On the more superficial level, The Wrath of Angels is about a demonic plot by Diavelina, a Princess of Hell, to overthrow the usurper who is ruling over Albion in the absence of the rebel angel Oberon, who rejected both Heaven and Hell in setting up his Kingdom of Faery. The Divine have uncharacteristically decided to interfere in these internecine Fallen politics, as Diavelina has managed to gain control over most of Europe and happens to be at least partially responsible for the Holocaust, among other great evils. This is the level on which readers have read the book, and it would appear that they have generally enjoyed it. However, on the deeper level, the book is actually an economic story, telling the history of of the European monetary union and the attempt of the European elite financial interests to convince the British government to abandon the pound sterling in favor of the Euro. In light of recent events it might have been desirable to wait until the inevitable breakup of the Euro in order to truly complete the story, but then, one could also argue that the present meltdown of the PIGS would make writing a fourth book considerably easier.
What I learned in the process is that while it is entertaining to utilize multiple languages to conceal what might otherwise be reasonably clear to the reader, it is necessary to first clearly frame the context if one is to give the reader any chance to follow the suggestions. One need not stoop to the level of JK Rowling’s crude Latin spells to realize that while “Marrone” translates as “Brown”, the logical leap to Gordon Brown, the former Chancellor of the Exchequer, is probably not going to happen when there is no overt contextual hint concerning the matter at hand.
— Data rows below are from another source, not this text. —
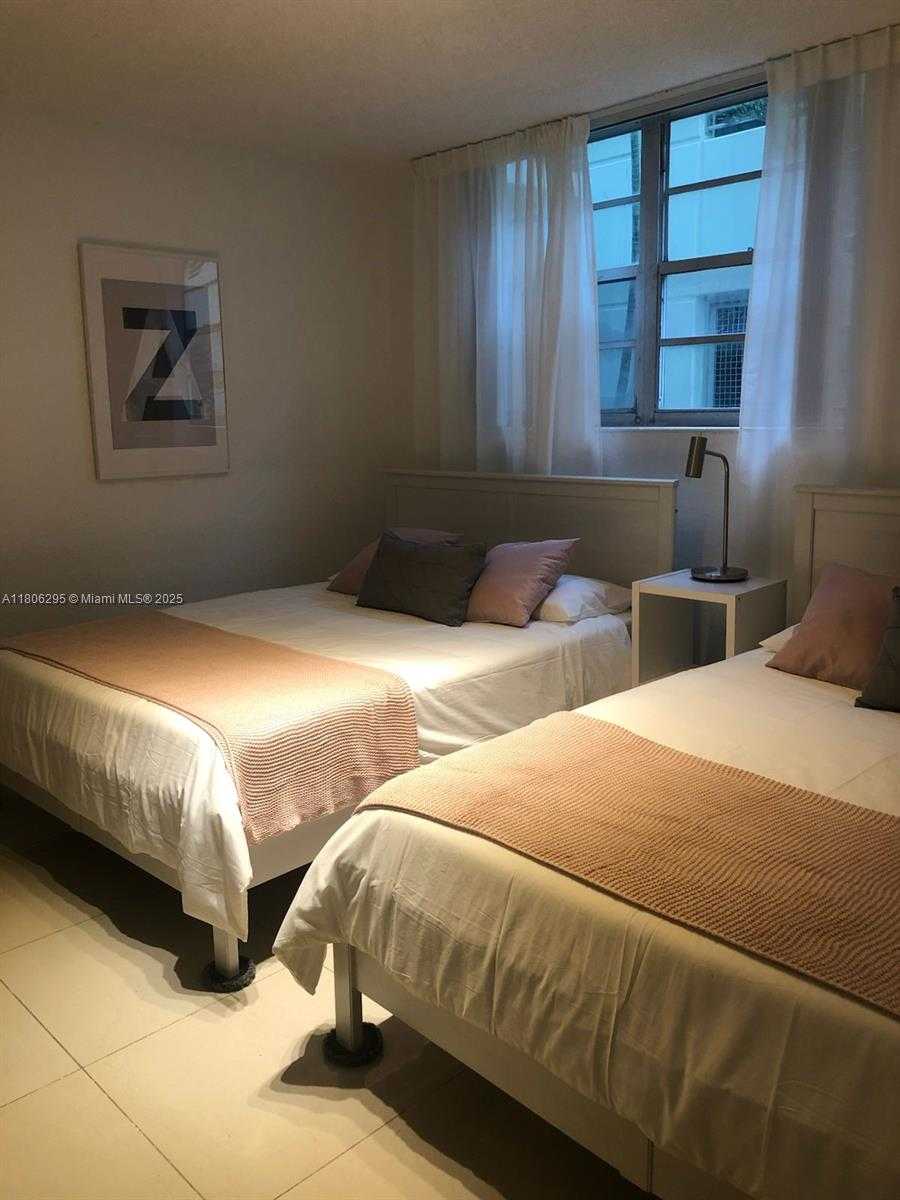 Small Image of 3901 SOUTH OCEAN DR #1B, Hollywood Number 9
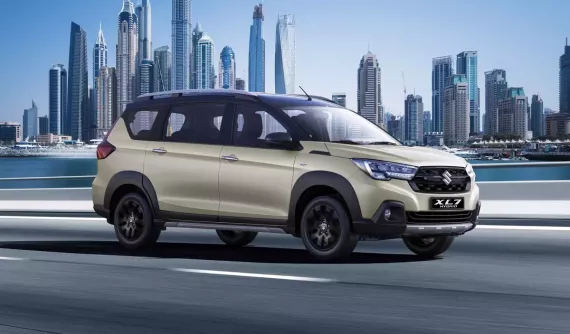 Suzuki tiếp tục giảm giá đến 60 triệu đồng cho 2 mẫu xe XL7 và Jimny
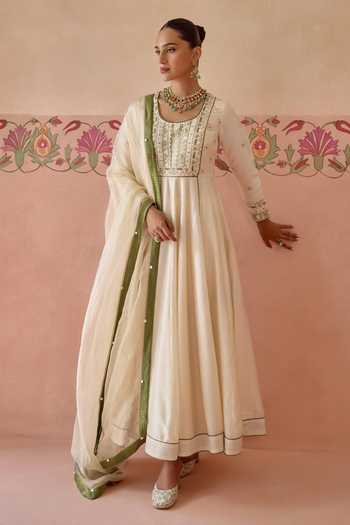 Shop Kritika Dawar Ivory Silk, Organza Scoop Neck Zaha Placement Embroidered Anarkali Set Online at Aza Fashions Shop_Kritika Dawar_Ivory Silk, Organza Scoop Neck Zaha Placement Embroidered Anarkali Set _Online_at_Aza_Fashions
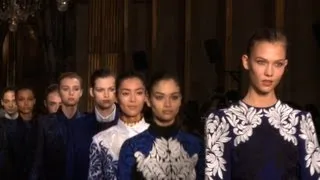 Paris / Stella McCartney Ready-To-Wear Fall/Winter 2012/13 - fashion show and interview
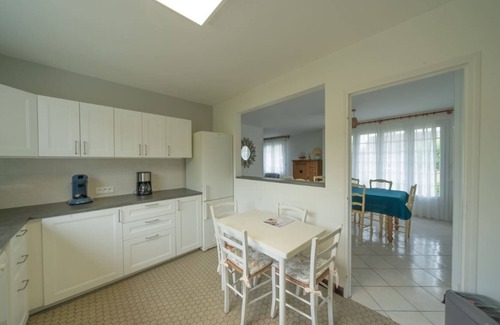 Jullouville House | Bright family home 4 minutes walk from the beach with fenced garden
Of course, puzzles are always obvious to the puzzle creator; I thought “Prodius Marrone” bordered on the Rowlingesque given the “obvious” reference to Romano Prodi, the former Italian prime minister who was President of the European Commission and the political face of the Euro at the time of its introduction. In retrospect, I should have known that currency shenanigans and the political battles that underlie them are not at the forefront of most people’s minds, especially not when they are reading about demons tormenting hapless vampires and magical swords hidden under Loch Ness.
However, as I subsequently learned in the review of Summa Elvetica in Black Gate #14, it is probably best to err on the side of clarity rather than cleverness. If I may offer a brief, and belated correction to the review, the Latin at the beginning of each chapter is not, in fact, a quoted argument from the Summa Theologica of Thomas Aquinas, but is instead an argument in the Aquinas format of my own device that contemplates the question that so many have asked themselves in the deep of the night: quod aelvi habeant animae naturaliter sibi unita.